Beth Shepherd and Sarah Hailes take fashion as seriously as Diana Vreeland. The two stylish-beyond-their-years twentysomethings have opened Kirna Zabête (96 Greene Street; 212-941-9656), which reminds the lathed bodies that commute regularly to Europe of Colette, the too-hip Parisian clothing-and-cool-stuff emporium. In addition to the latest designs by fast-laners like Clements Ribeiro and Olivier Theyskens, and young edgier labels like Wink and Susan Cianciolo, there are scarlet iMacs and dispensers filled with dime-store candy.
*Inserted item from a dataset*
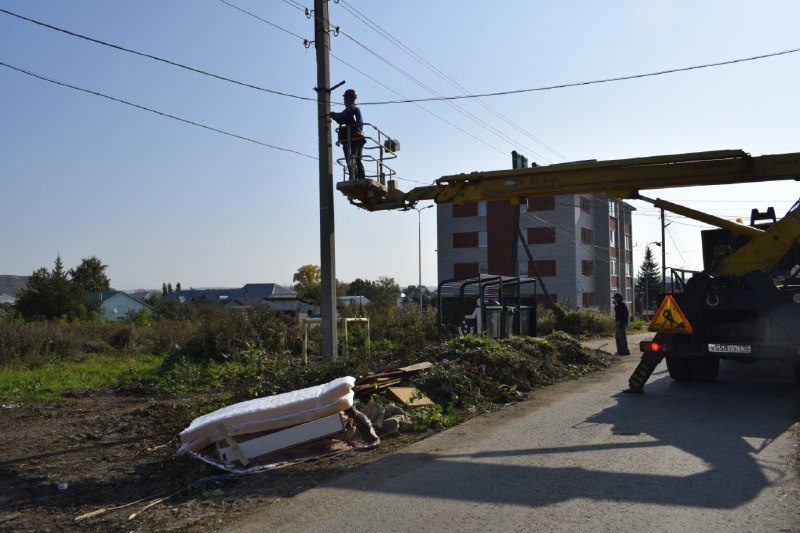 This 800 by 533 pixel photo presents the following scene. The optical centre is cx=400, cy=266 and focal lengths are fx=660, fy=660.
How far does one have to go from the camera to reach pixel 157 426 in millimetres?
9516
Former Barneys shoe buyer and Georgia transplant Jeffrey Kalinsky ignored the naysayers who advised him not to open his store Jeffrey (449 West 14th Street; 212-206-1272) in mid-August, when conventional wisdom has the trendetti immigrating to the Hamptons. “People are waiting for the doors to open on Saturday mornings,” Kalinsky says, adding that he’s planning to unlock the shop an hour earlier. Despite its location in the fashion world’s Sahara, the 12,000-square-foot megastore is seeing a lot of the stiletto crowd, who would gladly sprint across cobblestones for a few choice cuts of Alexander McQueen.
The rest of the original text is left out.